The Denver Post The federal government continues to behave outrageously in the Indian trust fund case. The federal court overseeing the lawsuit should throw the book at wayward government employees. And the new secretaries of the U.S. Interior and Treasury departments, Gale Norton and Paul O’Neill, should make resolving the accounts a high priority.
A few years ago, the Boulder-based Native American Rights Fund sued the government for mismanaging billions of dollars in assets held in trust for the Indians, including mineral royalties, grazing leases and timber sales.
Despite repeated promises to correct the problems, the case hasn’t been resolved. According to some Indian lawyers and elected officials, the feds even today are shortchanging Indians on payments they’re owed.
The endless delays are maddening enough. But there also have been repeated, disturbing instances of government employees shredding, losing or discarding potentially important documents. The most recent to come to light: a 1999 episode involving the destruction of at least one box of documents stored at the Federal Reserve Bank in Denver.
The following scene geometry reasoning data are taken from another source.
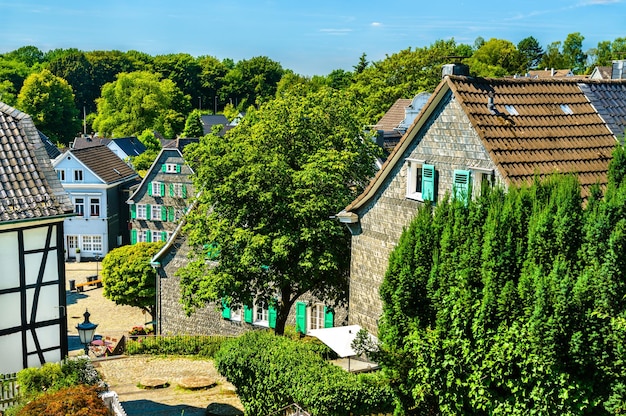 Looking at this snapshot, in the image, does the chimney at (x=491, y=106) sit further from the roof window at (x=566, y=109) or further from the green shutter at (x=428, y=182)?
the roof window at (x=566, y=109)

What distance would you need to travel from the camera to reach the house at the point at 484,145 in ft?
63.0

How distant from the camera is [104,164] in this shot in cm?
6222

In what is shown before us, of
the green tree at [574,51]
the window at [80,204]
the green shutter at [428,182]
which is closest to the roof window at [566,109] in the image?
the green shutter at [428,182]

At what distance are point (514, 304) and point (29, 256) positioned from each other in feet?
36.3

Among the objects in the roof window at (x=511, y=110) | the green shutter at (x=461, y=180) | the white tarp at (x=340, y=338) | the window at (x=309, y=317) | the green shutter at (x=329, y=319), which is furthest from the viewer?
the window at (x=309, y=317)

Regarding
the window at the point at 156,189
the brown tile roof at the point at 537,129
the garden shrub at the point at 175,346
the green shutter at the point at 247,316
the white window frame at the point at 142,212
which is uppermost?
the brown tile roof at the point at 537,129

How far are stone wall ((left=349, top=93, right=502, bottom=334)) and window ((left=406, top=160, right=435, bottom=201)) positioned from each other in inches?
6.1

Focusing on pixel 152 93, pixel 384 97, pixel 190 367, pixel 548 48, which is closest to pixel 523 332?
pixel 190 367

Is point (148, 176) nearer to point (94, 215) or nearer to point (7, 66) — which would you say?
point (94, 215)

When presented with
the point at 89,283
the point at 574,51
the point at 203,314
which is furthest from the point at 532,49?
the point at 203,314

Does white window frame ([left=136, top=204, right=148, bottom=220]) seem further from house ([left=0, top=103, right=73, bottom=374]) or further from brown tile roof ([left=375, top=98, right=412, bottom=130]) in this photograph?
house ([left=0, top=103, right=73, bottom=374])

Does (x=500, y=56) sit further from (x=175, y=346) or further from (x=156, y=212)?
(x=175, y=346)

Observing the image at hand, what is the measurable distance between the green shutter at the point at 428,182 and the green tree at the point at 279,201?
5.37m

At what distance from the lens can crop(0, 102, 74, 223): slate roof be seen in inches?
692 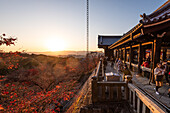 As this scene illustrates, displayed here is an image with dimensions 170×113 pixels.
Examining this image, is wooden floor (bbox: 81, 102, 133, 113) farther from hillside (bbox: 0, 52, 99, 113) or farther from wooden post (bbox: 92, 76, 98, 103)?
hillside (bbox: 0, 52, 99, 113)

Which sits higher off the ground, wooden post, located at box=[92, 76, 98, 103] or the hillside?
wooden post, located at box=[92, 76, 98, 103]

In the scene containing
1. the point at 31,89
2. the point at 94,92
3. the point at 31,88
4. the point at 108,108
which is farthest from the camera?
the point at 31,88

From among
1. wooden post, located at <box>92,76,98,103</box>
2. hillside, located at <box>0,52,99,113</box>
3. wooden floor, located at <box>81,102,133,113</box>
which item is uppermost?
wooden post, located at <box>92,76,98,103</box>

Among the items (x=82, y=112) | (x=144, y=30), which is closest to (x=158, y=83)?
(x=144, y=30)

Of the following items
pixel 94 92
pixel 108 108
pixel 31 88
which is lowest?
pixel 31 88

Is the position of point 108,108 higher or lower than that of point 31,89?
higher

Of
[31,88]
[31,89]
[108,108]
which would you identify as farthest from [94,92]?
[31,88]

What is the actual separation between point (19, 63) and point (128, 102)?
89.6 feet

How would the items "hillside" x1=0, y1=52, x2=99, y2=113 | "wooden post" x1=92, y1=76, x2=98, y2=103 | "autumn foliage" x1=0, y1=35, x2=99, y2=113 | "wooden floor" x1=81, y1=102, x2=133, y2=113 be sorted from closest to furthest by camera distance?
1. "wooden floor" x1=81, y1=102, x2=133, y2=113
2. "wooden post" x1=92, y1=76, x2=98, y2=103
3. "autumn foliage" x1=0, y1=35, x2=99, y2=113
4. "hillside" x1=0, y1=52, x2=99, y2=113

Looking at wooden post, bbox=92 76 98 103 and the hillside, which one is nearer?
wooden post, bbox=92 76 98 103

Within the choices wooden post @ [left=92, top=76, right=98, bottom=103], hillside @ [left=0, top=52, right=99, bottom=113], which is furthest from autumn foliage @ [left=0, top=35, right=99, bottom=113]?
wooden post @ [left=92, top=76, right=98, bottom=103]

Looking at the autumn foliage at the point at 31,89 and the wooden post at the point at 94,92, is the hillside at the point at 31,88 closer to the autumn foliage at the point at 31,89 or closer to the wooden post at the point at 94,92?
the autumn foliage at the point at 31,89

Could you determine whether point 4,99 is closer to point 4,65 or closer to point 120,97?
point 4,65

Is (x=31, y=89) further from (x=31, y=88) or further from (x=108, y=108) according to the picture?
(x=108, y=108) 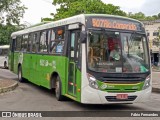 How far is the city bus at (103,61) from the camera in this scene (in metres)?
10.6

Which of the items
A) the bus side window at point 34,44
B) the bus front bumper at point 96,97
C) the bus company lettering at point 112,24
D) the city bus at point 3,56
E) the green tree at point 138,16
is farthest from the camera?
the green tree at point 138,16

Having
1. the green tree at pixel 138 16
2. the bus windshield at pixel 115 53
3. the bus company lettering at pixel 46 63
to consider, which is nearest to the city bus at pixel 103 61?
the bus windshield at pixel 115 53

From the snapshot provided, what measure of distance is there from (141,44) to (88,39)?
1830mm

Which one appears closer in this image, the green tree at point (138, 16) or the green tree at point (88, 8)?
the green tree at point (88, 8)

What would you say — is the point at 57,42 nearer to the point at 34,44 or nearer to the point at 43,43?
the point at 43,43

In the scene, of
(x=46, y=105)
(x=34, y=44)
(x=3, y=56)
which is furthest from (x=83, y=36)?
(x=3, y=56)

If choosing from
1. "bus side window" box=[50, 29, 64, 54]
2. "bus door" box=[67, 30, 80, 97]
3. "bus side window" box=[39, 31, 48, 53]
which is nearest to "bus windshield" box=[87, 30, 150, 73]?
"bus door" box=[67, 30, 80, 97]

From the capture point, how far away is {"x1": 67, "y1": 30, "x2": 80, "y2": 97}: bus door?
11414 mm

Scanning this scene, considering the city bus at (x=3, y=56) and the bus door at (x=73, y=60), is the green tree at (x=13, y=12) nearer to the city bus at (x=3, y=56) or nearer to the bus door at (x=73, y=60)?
the city bus at (x=3, y=56)

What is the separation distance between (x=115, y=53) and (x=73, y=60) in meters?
1.46

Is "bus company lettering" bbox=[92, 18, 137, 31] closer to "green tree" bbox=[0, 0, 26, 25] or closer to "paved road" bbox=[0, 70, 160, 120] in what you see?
"paved road" bbox=[0, 70, 160, 120]

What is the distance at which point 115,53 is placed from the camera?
1094cm

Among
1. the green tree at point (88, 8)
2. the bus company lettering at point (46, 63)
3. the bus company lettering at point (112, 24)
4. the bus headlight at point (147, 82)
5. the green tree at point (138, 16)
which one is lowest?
the bus headlight at point (147, 82)

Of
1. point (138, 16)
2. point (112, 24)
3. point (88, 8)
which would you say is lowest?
point (112, 24) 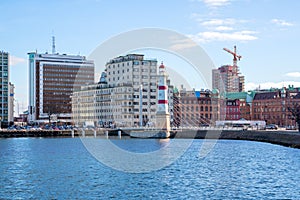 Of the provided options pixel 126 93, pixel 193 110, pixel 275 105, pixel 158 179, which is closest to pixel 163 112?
pixel 126 93

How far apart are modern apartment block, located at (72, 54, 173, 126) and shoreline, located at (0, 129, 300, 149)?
79.7 feet

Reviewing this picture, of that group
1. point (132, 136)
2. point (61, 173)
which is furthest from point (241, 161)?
point (132, 136)

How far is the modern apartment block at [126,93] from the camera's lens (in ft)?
589

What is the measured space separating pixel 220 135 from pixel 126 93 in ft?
186

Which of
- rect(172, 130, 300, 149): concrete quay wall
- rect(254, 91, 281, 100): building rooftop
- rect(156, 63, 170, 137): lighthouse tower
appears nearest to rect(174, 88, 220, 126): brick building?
rect(254, 91, 281, 100): building rooftop

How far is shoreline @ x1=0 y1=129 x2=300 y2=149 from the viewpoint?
96250 millimetres

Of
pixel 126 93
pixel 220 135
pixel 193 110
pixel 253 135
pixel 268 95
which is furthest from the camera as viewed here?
pixel 268 95

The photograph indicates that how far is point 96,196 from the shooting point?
41.4m

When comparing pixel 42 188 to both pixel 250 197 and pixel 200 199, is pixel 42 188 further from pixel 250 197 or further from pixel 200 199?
pixel 250 197

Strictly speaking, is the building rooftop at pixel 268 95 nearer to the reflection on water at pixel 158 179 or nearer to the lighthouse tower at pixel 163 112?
the lighthouse tower at pixel 163 112

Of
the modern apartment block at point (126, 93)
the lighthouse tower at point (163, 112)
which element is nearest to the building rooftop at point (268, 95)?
the modern apartment block at point (126, 93)

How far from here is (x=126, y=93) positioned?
179500 millimetres

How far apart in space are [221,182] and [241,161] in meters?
20.5

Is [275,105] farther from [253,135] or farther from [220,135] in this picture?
[253,135] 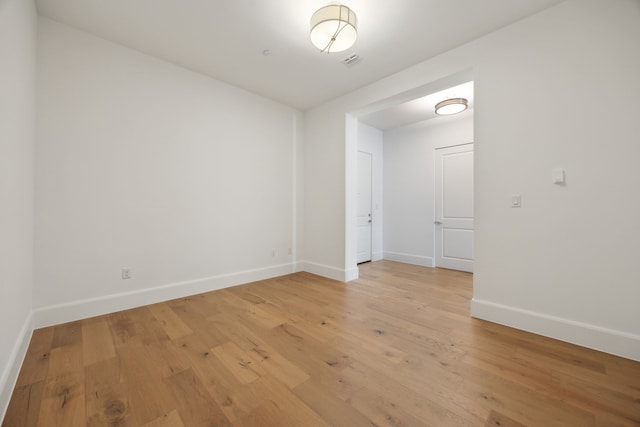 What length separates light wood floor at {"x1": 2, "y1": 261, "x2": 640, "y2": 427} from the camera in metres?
1.38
A single episode of document destruction might be chalked up to incompetence or low-level workers not following instructions.
But the recurring problem seriously undercuts the government’s claim that it wants to resolve the case in a fair and just manner. If the many lost documents can’t be found, it will be far more difficult for the Indians to reconstruct the paper trail to learn how much they are owed and by whom.
Former U.S. Interior Secretary Bruce Babbitt, Bureau of Indian Affairs director Kevin Gover and Treasury chief Robert Rubin seemed vexed and baffled by their inability to keep their subordinates from ignoring or subverting instructions from the federal court. While Interior and the BIA are directly in charge of Indian matters, Treasury is responsible for making correct trust fund payments.
The Bush administration didn’t create the mess – in fact its roots reach back over a century. But it is now up to the Bush team to sort out the mess and make the bureaucracy obey both court orders and federal statutes.
Norton and O’Neill might gain credibility with both U.S. District Judge Royce Lamberth, who is supervising the case, and with the Indian tribes, if they honestly said: We don’t know exactly what has happened, or why, but we darn sure intend to find out.
And then they must make good on that promise.